Excerpts from a dataset
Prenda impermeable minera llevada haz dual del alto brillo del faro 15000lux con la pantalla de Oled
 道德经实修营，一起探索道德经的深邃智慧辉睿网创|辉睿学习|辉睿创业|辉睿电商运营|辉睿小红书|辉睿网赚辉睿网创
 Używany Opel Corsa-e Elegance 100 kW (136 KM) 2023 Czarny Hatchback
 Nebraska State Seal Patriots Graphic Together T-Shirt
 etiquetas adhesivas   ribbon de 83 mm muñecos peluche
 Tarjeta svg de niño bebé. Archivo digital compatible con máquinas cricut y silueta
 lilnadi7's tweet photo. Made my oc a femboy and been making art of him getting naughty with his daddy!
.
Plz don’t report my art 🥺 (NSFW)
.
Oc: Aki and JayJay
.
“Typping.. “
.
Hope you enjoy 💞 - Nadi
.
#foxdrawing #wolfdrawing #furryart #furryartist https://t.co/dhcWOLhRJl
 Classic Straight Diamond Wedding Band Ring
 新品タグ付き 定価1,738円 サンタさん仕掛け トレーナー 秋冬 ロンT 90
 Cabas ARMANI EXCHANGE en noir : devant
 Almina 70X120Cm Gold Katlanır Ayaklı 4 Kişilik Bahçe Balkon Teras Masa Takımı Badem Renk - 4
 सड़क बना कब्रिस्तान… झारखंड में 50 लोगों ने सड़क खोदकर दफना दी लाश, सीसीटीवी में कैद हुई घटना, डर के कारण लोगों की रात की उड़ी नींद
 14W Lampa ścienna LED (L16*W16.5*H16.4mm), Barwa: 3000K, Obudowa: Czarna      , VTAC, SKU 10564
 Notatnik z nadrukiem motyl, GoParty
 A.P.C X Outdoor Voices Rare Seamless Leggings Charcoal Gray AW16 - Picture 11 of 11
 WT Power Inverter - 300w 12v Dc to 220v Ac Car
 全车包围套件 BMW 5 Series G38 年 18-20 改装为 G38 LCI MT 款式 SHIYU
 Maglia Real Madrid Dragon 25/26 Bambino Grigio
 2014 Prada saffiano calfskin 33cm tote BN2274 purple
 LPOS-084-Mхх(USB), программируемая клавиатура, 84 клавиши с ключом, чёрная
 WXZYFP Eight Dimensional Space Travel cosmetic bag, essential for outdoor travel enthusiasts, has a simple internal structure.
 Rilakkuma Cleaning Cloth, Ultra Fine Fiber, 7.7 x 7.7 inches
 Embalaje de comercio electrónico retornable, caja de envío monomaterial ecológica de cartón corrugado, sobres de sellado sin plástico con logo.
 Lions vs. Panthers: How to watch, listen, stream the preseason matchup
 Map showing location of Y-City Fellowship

◆ DIRECTIONS FOR THIS TASK:
Among the entries above, copy exactly only the lines starting with the one containing "LPOS-084-Mхх(USB), программируемая клавиатура, 84" and going through the one containing "Rilakkuma Cleaning Cloth, Ultra", both ends included.

◆ OUTPUT BELOW:
 LPOS-084-Mхх(USB), программируемая клавиатура, 84 клавиши с ключом, чёрная
 WXZYFP Eight Dimensional Space Travel cosmetic bag, essential for outdoor travel enthusiasts, has a simple internal structure.
 Rilakkuma Cleaning Cloth, Ultra Fine Fiber, 7.7 x 7.7 inches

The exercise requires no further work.